En fait, ces titres résultaient de l'ambition alors typiquement européenne de s'affranchir des contraintes du jeu vidéo de l'époque, des graphismes stylisés, du gameplay stéréotypé, des alibis et des univers clichés... la 3D isométrique était un moyen de placer "physiquement" le joueur au cœur d'un monde détaillé, crédible et vivant, d'attirer l'attention et de gagner le respect du grand public en cassant l'image qu'il pouvait avoir du jeu vidéo, et de profiter, sur le plan des mécaniques ludiques, d'une palette très large à disposition (exploration, usage d'objets, labyrinthe, interaction avec des personnages non-joueurs, puzzles, action, etc.) avec, grâce à un rythme plus lent, l'usage potentiel du clavier, et donc, des dizaines de fonctions à disposition, voire un interpréteur de texte.

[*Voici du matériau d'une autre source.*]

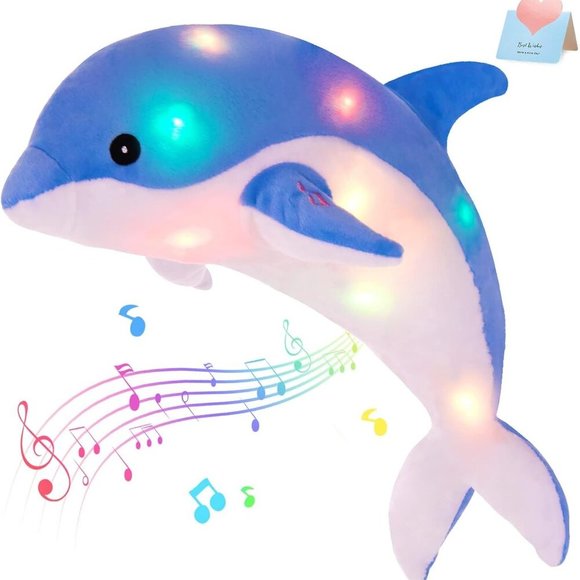 Large Plushie LED MULTI Lights Musical Dolphin Stuffy Soft Soothing Fun NWT - Picture 3 of 9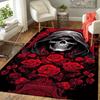 1pc Roses and Skulls Design Indoor Area Rug - Soft, Anti-Slip, and Durable Gaming Room Decor for Bedroom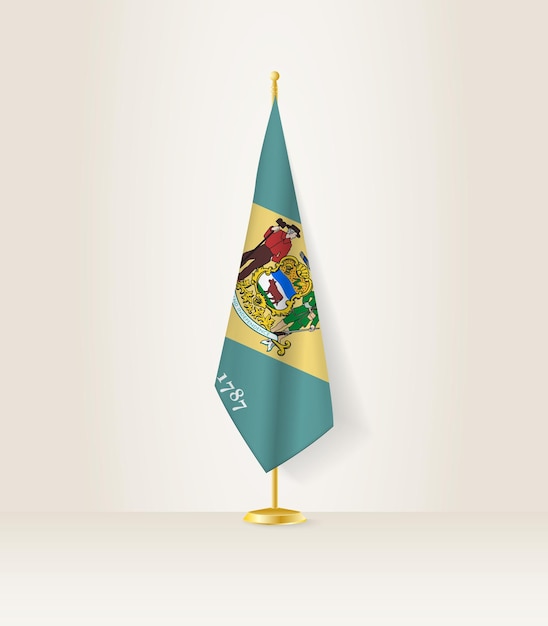 Drapeau Du Delaware Sur Une Hampe De Drapeau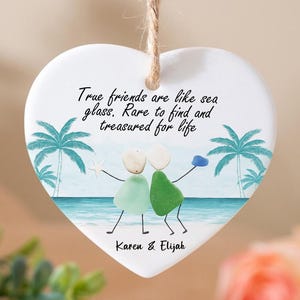 Personalized Friendship Sea Glass Ornament, Custom Best Friend Christmas Decor Gift, Ceramic Keepsake for Long Distance Friends, Tree Decor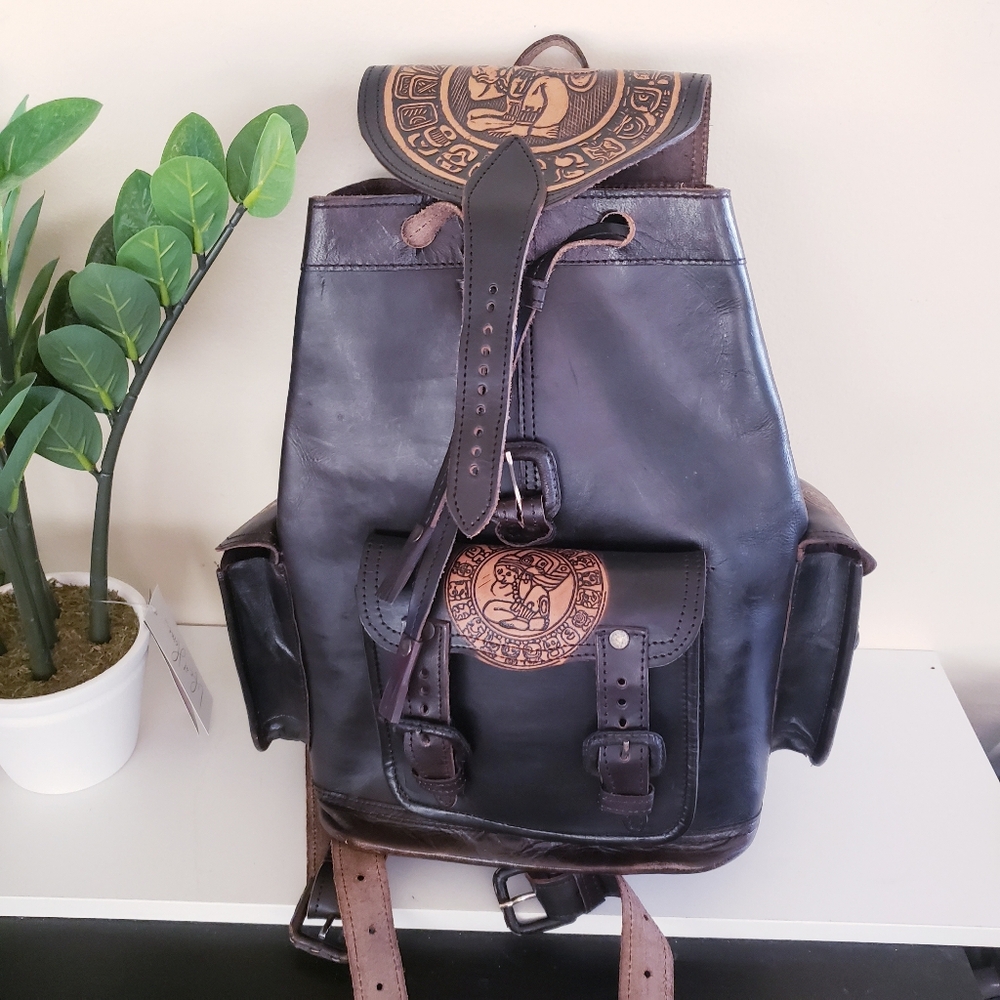 Handcrafted Tooled Leather Backpack - O/S Made In MEXICO - Picture 14 of 15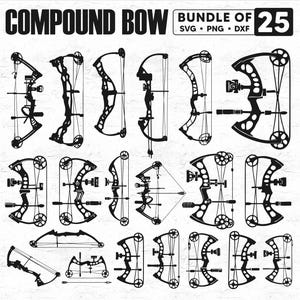 Bundle Compound Bow SVG - Hunting Clipart, Bow And Arrow SVG, Archery Svg, Bow Hunting Svg, Crossbow Svg, Deer Hunter Svg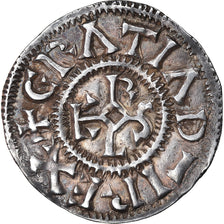 Moneta, Francia, Charles le Chauve, Denarius, 864-875, Rennes, BB+, Argento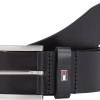 Tommy Hilfiger Uomo Cintura Hampton 4.0 Cintura in Pelle - W100 Nero (Black)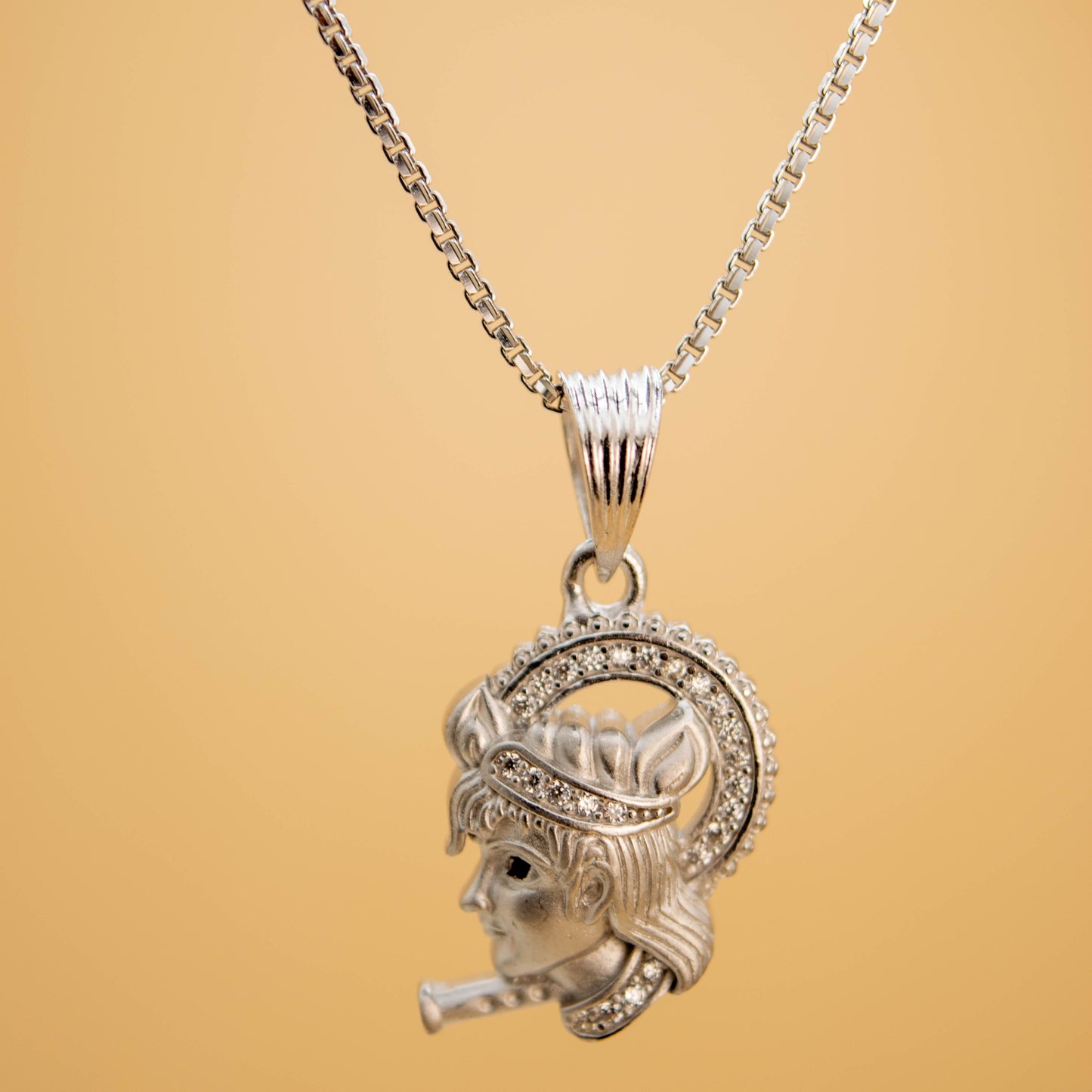 Sterling Silver Shri Krishna Pendant (White Cz Gemstones, Rhodium plating / Matte finish, Pendant only, without chain)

Cette volonté de "casser le moule" et de se rapprocher du cinéma, de la bande dessinée ou de la littérature se retrouvait beaucoup chez ERE Informatique ("L'Arche du Captain Blood") par exemple, ou, plus tard, à une époque où la puissance graphique des ordinateurs a permis de s'affranchir de la 3D isométrique, chez l'américain Cinemaware ("Wings", "It Came from the Desert"). Et au final, il faut bien admettre que dans le paysage vidéoludique moderne, peu de jeux s'écartent des sentiers battus comme l'avaient fait "The Great Escape" ou "La Abadía del Crimen"...


Nous avons évoqué les jeux d'action puis les jeux d'aventure en 3D isométrique, restent ceux qui avaient une position intermédiaire entre l'un et l'autre genre. Inutile de dire que là, l'amalgame était total chez les critiques, avec des sentences comme : "si vous avez aimé Knight Lore, Pentagram est fait pour vous", ce qui est encore plus bête que de dire : "si vous avez aimé Super Mario World, Sonic the Hedgehog est fait pour vous".

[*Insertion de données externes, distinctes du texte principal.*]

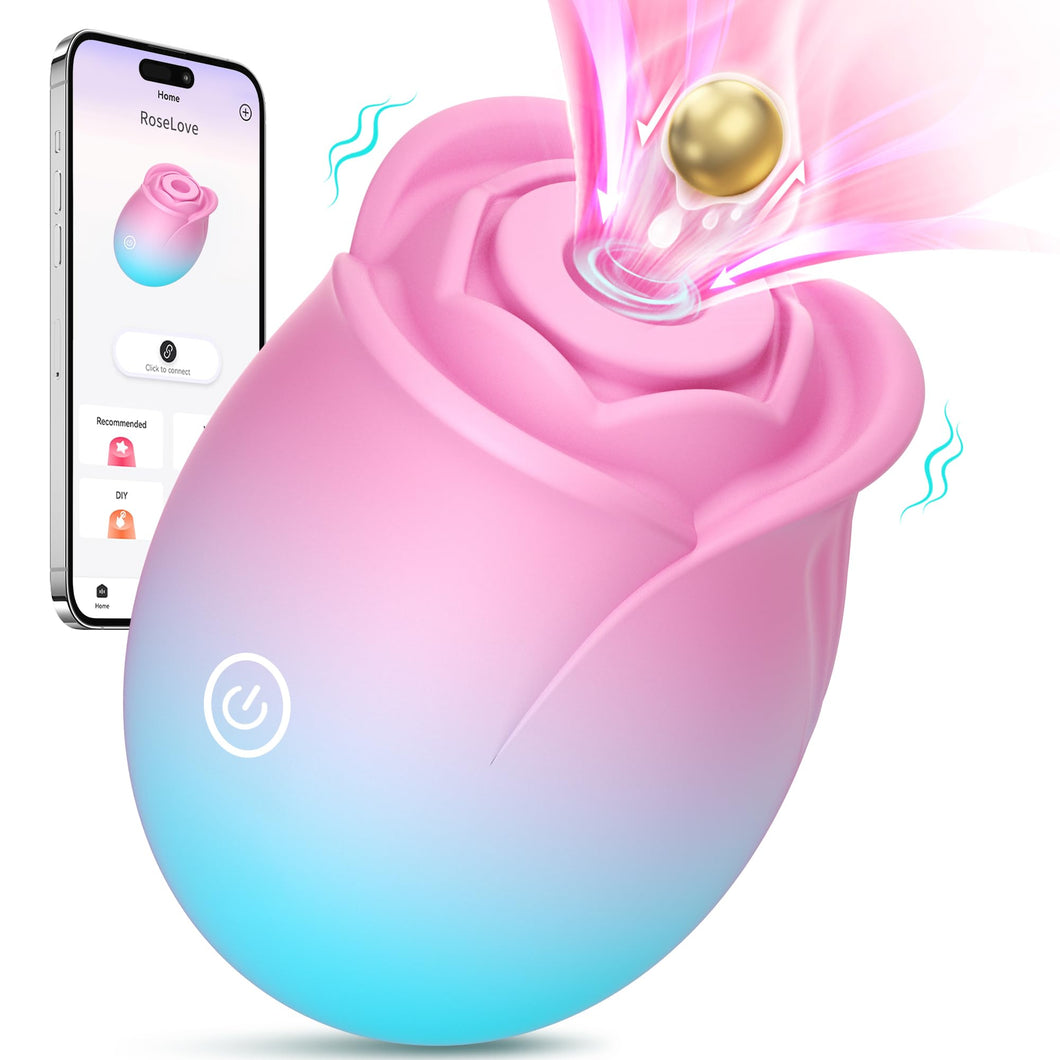 Gasevimo Vibrator Sex Toy Adult Toys - APP Control Rose Sex Toy Adult Toy with 9 Sucking & Vibrating Modes for Women Nipple Toys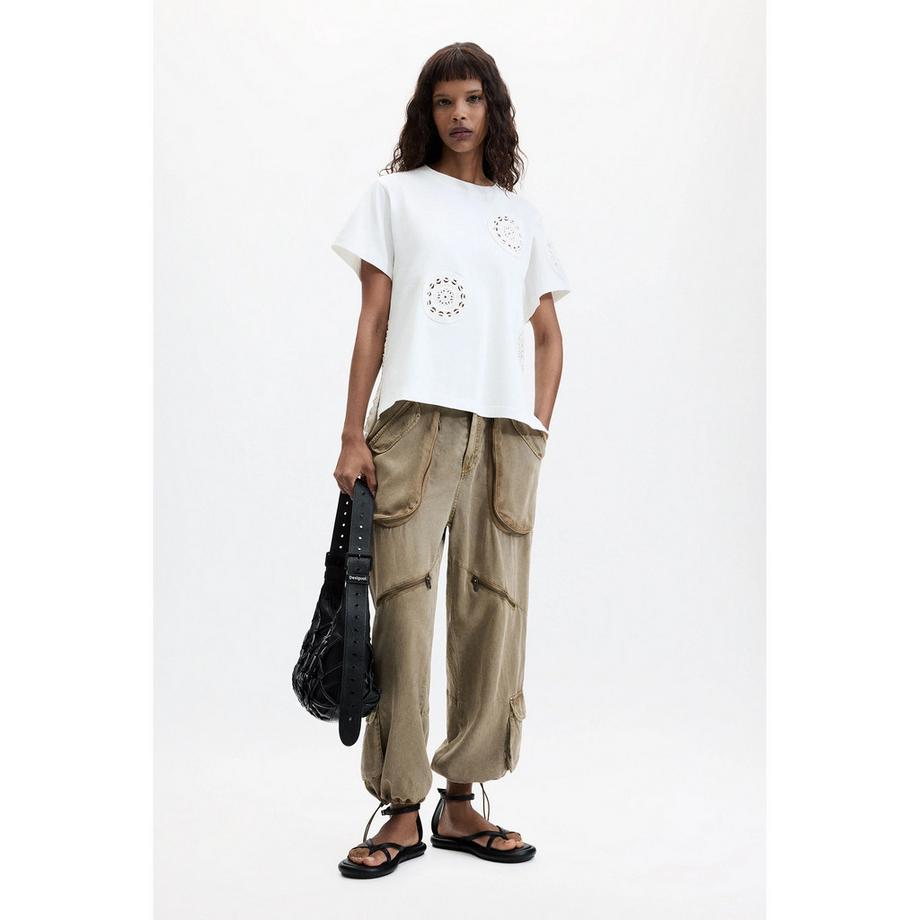 Desigual T-shirt con dettagli all'uncinetto  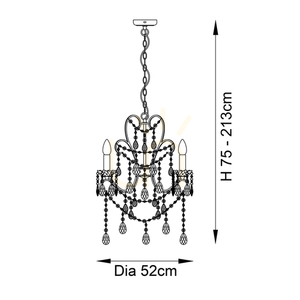 Pendul Endon Berkley 95524 argintiu antichizat cu cristal 3 × E14 small 2
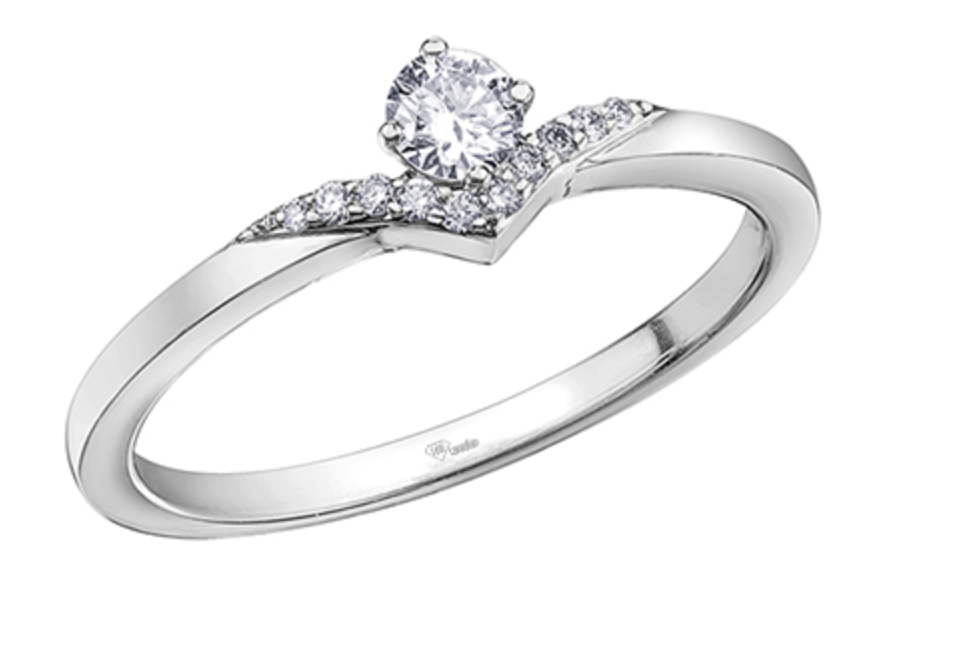 10K White Gold 0.21cttw Canadian Diamond Engagement Ring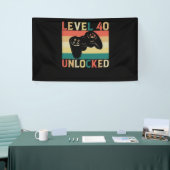 Banderoles Niveau 40 Jeu vidéo déverrouillé 40e anniversaire (Salon professionnel)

En réalité, "Knight Lore" ne s'est pas contenté d'inventer un rendu graphique et de se positionner à un croisement de genres, il est né d'une formule que Ultimate a fait mûrir au cours de son histoire, notamment par le biais du célèbre "Atic Atac" - la voici :
  • Le cadre du jeu est un vaste labyrinthe dans lequel on peut circuler très librement, et dont il faut apprendre à maîtriser la logique et l'agencement si on veut atteindre le but du jeu.
  • Individuellement, chaque salle comporte un problème indépendant et immédiatement accessible, dont la résolution permet d'atteindre une zone annexe ou d'obtenir un élément clef du jeu.
  • L'interaction avec le décor est convaincante et amusante en soi, qu'il s'agisse de déplacer certains de ses éléments ou de la physique du héros par rapport à celui-ci.
Il faut noter que cette formule ne s'applique pas qu'aux jeux en 3D isométrique, on la retrouve dans d'autres chefs-d'œuvre 8-bit comme "Impossible Mission" sur Commodore 64.

L'idée centrale est d'avoir deux niveaux de lecture : un niveau "arcade", premier degré, instinctif, excitant (voler un objet malgré un piège à la Indiana Jones, accéder à une plateforme élevée malgré la menace d'une mort certaine, un petit puzzle logique) ; et un niveau supérieur, plus lent et prémédité, qui joue sur la liberté d'exploration et d'initiative, et qui inscrit chacun des défis ponctuels dans un tout d'envergure (la gestion des objets nécessaires à la recette de Melkhior dans "Knight Lore", la construction de la carte dans "Spindizzy", les codes arrachés aux scientifiques à l'aide des sérums de vérité dans "Crafton & Xunk", la reconstitution des cartes perforées dans "Impossible Mission").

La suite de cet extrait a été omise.